Frost on brown grass Feb 19 2021

Frost in the morning sun, Feb 19, 2021, Custer County, Neb.

This column by Mona Weatherly was originally published in the Feb. 18, 2021 issue of the Custer County Chief.

If it hadn’t been for the extreme cold, these last few rounds of snow could have been fun. Had it not been for the cold, though, the snow may have held a lot more moisture, been more of a pain to clear away and made for icier and slicks roads. Oh, the silver lining of a 40 degree below zero cloud.

By publication day, the polar vortex is supposed to have moved on and we’ll be enjoying a heat wave into the 20s. Bring. It. On!

This snow reminds me of the winters of my youth. The snow was so high! We’d sled in the hills and we’d tunnel into drifts into the canyon. Now, I don’t know if the snow was deeper or the drifts any taller than they are now or if I’m just subject to that old “things in the memory are often bigger and better” phenomenon.

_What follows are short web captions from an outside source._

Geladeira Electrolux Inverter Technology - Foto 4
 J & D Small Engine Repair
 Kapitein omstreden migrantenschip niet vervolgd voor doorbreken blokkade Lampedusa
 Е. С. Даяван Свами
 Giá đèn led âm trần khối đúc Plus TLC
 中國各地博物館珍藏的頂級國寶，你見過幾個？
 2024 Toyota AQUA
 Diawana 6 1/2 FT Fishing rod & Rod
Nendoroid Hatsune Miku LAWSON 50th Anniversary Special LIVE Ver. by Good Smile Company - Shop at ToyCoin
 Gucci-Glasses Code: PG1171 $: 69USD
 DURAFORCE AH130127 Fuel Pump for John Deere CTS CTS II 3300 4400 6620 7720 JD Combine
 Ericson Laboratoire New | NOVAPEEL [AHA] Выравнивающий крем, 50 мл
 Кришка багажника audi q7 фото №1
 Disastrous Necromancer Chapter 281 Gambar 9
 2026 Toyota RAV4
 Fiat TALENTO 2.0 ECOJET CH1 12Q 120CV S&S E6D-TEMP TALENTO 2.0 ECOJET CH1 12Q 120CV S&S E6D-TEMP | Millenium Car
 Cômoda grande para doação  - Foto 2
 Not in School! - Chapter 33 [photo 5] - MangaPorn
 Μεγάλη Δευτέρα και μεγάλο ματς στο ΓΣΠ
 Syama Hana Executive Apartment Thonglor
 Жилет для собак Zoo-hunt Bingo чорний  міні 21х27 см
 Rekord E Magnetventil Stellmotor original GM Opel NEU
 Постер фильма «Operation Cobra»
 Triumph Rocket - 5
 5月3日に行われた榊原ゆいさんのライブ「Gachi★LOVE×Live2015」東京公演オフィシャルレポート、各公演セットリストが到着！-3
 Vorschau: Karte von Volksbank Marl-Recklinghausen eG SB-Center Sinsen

I remember layering on the clothing and Mom putting bread sacks inside the galoshes...yes, galoshes, the type with metal snap buckles... and out we kids would go.

Looking upon the snow covered hills this weekend, I thought about trying it. I quickly realized by the time I put on the requisite layers, I’d be so winded I couldn’t pull a sled across the yard, let along up a hill.

And the ride down! While exhilarating some decades ago, now my back and bones ache if I just think about some of those bumps we flew over way back when. I have no grandchildren to grab my hand and try to lead me outside so I can continue to appreciate the snow on the hill south of the house marred not by the sled tracks but by deer trails. Yet always there, in and under the snow, are the markers of memories.

I recently had the opportunity to tour Callaway Public Schools when I spent 8th - 12th grades. Memories came flooding back. While I may remember things about the school being “bigger,” I certainly can’t remember them as better. The renovations done there in the past few years fit in well with the 1974 building and there is a wonderful blend of old and new, Bears and Bobcats, maroon and gold and blue and silver.

After all these decades though, when I step into that gym, I still feel the pull to grab a basketball from a rack and shoot a couple free-throws. The distance between the line and the basket, however, is one of the few things that haven’t shrunk with time. It is perhaps a bigger chasm than ever. Some part of me eggs me on to take to the court, yet a wiser part of me knows Springsteen said it best. Those days are “glory days.”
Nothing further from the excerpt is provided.